Si l’on a été peu attentif sur l’éthique de Spinoza et sa quête de la vérité, nul besoin de s’en faire. Le premier long de Catherine Therrien (Le bruit des mots) viendra nous accompagner et surtout nous rassurer dans une démarche pédagogique, qui semble fortement échappée à la société actuelle, bridée par ses propres critères et autres détournements moraux. C’est pourquoi il ne faudrait pas négliger les deux ex-enseignants de philosophie, Louis Godbout et Normand Corbeil, qui ont bâti un débat plus que pertinent de l’actualité jusque dans les souches des institutions, qui manœuvrent à coup de principes hypocrites. Le politiquement correct et autres facteurs déterminants de l’étude répondent par la dénonciation, mais avec la nuance nécessairement subtile qui viendra emporter un professeur et son élève dans un tourment, qui ne laisse ni place au sommeil, ni à aucune autre forme d’évasion possible. Ils se retrouvent là, devant un plaidoyer qui les musèle, autant qui les réconfortent dans leur liberté de pensée et de croyance.
Si la foi ne semble pas satisfaire le rôle d’argument, qu’en est-il de la raison ? Le dialogue découle dans ce sens, où le spleen ne serait qu’une des conséquences notables de l’ouverture d’esprit qui est convoqué dans les cours d’Etienne Brasseur (Patrice Robitaille). Cet enseignant, passionnant et passionné, revendique un élan de réflexion dans un cégep, qui n’hésite pas en entrer en contradiction avec ses valeurs ou slogans anesthésiants. C’est donc avec une notion de censure que l’on déguise une délicieuse discussion, qui mêle les croyances religieuses de Nacira Abdeli (Nour Belkhiria) avec celui qui a décidé de pénaliser sa citation poétique du Coran. Pourtant, le récit ne s’enferme pas dans un pamphlet manichéen, loin de là. Il en appelle d’abord à la raison, derrière des accusations douteuses, sévères et malheureusement authentiques. Alors que le siège d’Etienne est exposé la chaise musicale, nous trouverons de l’intérêt à défendre sa démarche pédagogique.

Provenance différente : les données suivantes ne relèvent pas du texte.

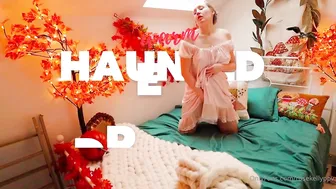 Rose Kelly Negligee Masturbation OnlyFans Video Leaked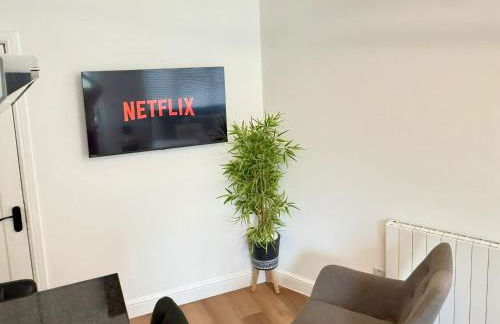 Newly Renovated Guesthouse with Free Parking - Photo 10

Un comité viendra ajouter de la pression sur sa vie, qui se dégrade de plus en plus, au même rang que ses principes qui s’effacent peu à peu derrière les apparences et les failles de l’éducation. Outre la pertinence des enjeux, la réalisation ne garantira que l’isolement nécessaire des personnages, comme des spectateurs ayant accepté de participer à la discussion, qu’elle soit fermée ou ouverte, du moment que les arguments se manifestent avec intensité. Quelques trames secondaires, dont une fraîchement greffée autour d’une élève pour qui la passion se transforme en un jeu de séduction, témoigneront essentiellement d’un modèle de bienveillance défaillant, à l’heure où le numérique règne en maître sur une jeunesse, parfois indifférente face à la vérité qu’elle ne comprend pas ou qu’elle ne distingue pas. Mais avec un cadre resserré sur le procès à venir, on se laissera tout de même subjuguer par l’appel d’une dissertation, habilement participatif.
La cohérence du discours gagne donc à être entendue et couvée par un courant de pensée libre et pleine de justesse, même lorsqu’on insiste sur les doutes qui peuvent nous hanter. « Une Révision » s’impose donc avec élégance et nous paralysera également, au nom d’un respect mutuel, dans un échange ouvert, mais entravé par cette même raison, complice de l’uniformisation et autres forment de dépendances, qui relèguent l’éloquence, l’écoute, la conscience et la culture à l’état d’embryon.